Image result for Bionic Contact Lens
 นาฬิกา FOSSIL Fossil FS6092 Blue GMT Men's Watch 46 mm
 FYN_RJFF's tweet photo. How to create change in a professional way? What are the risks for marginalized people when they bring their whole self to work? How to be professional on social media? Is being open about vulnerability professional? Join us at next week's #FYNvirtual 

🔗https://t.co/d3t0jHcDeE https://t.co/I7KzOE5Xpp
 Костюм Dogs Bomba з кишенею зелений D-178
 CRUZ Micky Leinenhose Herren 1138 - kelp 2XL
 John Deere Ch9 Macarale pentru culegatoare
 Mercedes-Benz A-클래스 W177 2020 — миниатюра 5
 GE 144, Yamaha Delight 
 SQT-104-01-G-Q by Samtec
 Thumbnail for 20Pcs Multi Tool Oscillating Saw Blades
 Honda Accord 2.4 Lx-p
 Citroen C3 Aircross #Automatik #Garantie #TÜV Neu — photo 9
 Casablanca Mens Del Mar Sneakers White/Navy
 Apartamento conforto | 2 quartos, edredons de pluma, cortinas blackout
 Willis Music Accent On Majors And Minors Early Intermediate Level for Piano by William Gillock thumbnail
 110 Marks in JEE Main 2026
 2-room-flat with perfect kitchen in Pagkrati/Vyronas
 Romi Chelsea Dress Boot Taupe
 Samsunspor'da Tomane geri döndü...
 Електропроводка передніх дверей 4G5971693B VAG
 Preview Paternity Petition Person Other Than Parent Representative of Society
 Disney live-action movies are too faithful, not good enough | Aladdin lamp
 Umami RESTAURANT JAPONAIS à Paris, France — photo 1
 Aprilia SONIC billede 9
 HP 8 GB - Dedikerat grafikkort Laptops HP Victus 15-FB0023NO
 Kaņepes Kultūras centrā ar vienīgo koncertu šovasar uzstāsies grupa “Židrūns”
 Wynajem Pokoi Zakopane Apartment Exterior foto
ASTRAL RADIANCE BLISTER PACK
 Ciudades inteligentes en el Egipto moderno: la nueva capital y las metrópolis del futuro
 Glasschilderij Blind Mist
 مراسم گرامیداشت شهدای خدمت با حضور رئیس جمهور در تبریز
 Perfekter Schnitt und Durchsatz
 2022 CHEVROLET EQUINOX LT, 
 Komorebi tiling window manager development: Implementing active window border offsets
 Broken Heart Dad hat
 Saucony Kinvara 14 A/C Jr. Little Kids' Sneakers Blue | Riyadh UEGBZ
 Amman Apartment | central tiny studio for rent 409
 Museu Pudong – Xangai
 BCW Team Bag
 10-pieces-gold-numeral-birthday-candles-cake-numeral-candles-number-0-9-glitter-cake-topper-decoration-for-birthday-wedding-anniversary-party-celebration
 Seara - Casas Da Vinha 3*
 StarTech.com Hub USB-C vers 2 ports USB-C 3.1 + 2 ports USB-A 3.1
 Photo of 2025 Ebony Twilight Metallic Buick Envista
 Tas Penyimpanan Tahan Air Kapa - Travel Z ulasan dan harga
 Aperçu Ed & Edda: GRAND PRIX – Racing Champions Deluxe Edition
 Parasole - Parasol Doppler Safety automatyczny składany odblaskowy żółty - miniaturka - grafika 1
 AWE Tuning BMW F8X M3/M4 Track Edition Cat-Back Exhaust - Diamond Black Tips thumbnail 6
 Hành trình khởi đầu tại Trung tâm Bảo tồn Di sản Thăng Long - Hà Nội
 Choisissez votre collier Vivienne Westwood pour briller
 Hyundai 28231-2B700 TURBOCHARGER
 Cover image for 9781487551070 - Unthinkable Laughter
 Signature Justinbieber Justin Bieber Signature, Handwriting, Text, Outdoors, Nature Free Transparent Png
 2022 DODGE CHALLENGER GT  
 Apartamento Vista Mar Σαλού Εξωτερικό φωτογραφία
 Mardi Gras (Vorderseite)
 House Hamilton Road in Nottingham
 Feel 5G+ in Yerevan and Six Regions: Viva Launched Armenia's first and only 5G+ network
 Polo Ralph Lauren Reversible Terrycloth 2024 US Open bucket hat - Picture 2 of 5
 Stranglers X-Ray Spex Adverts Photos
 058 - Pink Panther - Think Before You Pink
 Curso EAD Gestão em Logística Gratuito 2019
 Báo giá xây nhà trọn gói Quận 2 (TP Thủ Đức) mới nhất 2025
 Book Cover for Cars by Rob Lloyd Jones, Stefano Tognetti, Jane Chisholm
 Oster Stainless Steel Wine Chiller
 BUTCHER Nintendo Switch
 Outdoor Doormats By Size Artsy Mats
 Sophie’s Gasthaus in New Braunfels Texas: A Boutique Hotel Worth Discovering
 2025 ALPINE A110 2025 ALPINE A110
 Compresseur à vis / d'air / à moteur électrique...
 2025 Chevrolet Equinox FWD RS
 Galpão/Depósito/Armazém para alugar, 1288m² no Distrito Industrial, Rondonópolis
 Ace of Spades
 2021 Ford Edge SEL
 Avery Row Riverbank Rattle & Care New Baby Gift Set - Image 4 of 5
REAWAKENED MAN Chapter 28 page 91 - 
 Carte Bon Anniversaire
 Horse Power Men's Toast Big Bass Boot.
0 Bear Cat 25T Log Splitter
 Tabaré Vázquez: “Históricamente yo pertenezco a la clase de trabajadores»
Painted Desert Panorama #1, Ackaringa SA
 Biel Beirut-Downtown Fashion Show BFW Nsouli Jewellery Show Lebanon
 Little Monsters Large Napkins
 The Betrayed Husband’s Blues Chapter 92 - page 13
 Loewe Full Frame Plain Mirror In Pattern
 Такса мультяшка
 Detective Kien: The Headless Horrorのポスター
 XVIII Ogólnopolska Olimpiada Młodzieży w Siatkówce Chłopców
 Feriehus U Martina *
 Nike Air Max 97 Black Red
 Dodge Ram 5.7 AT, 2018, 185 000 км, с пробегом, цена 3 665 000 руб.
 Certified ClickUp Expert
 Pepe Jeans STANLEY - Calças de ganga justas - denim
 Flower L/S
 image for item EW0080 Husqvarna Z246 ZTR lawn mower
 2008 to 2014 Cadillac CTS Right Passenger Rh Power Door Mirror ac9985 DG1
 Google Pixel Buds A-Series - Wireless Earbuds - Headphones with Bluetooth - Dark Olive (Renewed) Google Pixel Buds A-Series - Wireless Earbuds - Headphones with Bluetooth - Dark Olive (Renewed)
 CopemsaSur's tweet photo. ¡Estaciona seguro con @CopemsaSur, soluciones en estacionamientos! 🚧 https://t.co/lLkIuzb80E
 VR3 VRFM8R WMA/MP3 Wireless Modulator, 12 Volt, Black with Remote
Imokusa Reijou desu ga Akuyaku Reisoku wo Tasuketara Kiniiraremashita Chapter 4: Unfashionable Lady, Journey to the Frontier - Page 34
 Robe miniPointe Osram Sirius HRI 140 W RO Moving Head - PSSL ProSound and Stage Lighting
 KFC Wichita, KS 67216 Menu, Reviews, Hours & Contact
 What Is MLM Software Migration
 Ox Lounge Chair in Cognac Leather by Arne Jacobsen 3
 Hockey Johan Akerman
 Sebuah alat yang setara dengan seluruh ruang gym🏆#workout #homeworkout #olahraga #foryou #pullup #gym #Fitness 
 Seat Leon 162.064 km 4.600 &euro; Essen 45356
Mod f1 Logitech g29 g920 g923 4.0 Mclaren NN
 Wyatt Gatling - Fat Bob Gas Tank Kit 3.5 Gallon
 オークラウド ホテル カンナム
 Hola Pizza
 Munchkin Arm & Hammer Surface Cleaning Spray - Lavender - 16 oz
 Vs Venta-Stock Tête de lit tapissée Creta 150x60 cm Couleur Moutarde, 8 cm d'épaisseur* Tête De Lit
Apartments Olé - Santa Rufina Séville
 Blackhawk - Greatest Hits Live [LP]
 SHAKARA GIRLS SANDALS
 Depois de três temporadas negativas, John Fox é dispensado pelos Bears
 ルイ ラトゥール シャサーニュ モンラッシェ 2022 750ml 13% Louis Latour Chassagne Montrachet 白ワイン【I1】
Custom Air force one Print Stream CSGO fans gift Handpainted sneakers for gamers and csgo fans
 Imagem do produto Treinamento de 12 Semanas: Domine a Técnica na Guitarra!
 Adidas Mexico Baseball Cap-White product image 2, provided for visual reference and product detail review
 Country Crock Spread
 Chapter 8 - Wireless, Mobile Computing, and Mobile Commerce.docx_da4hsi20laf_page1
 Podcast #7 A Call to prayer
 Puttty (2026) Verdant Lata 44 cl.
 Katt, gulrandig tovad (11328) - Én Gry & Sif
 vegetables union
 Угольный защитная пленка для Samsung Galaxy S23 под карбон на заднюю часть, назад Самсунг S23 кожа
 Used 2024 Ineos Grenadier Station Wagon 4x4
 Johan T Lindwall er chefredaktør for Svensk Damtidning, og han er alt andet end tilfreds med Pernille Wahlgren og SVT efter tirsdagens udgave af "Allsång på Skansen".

WHAT YOU NEED TO DO:
From the line with "Custom Air force" to the last line of the material, give every line again exactly, and only those lines.

ANSWER SECTION:
Custom Air force one Print Stream CSGO fans gift Handpainted sneakers for gamers and csgo fans
 Imagem do produto Treinamento de 12 Semanas: Domine a Técnica na Guitarra!
 Adidas Mexico Baseball Cap-White product image 2, provided for visual reference and product detail review
 Country Crock Spread
 Chapter 8 - Wireless, Mobile Computing, and Mobile Commerce.docx_da4hsi20laf_page1
 Podcast #7 A Call to prayer
 Puttty (2026) Verdant Lata 44 cl.
 Katt, gulrandig tovad (11328) - Én Gry & Sif
 vegetables union
 Угольный защитная пленка для Samsung Galaxy S23 под карбон на заднюю часть, назад Самсунг S23 кожа
 Used 2024 Ineos Grenadier Station Wagon 4x4
 Johan T Lindwall er chefredaktør for Svensk Damtidning, og han er alt andet end tilfreds med Pernille Wahlgren og SVT efter tirsdagens udgave af "Allsång på Skansen".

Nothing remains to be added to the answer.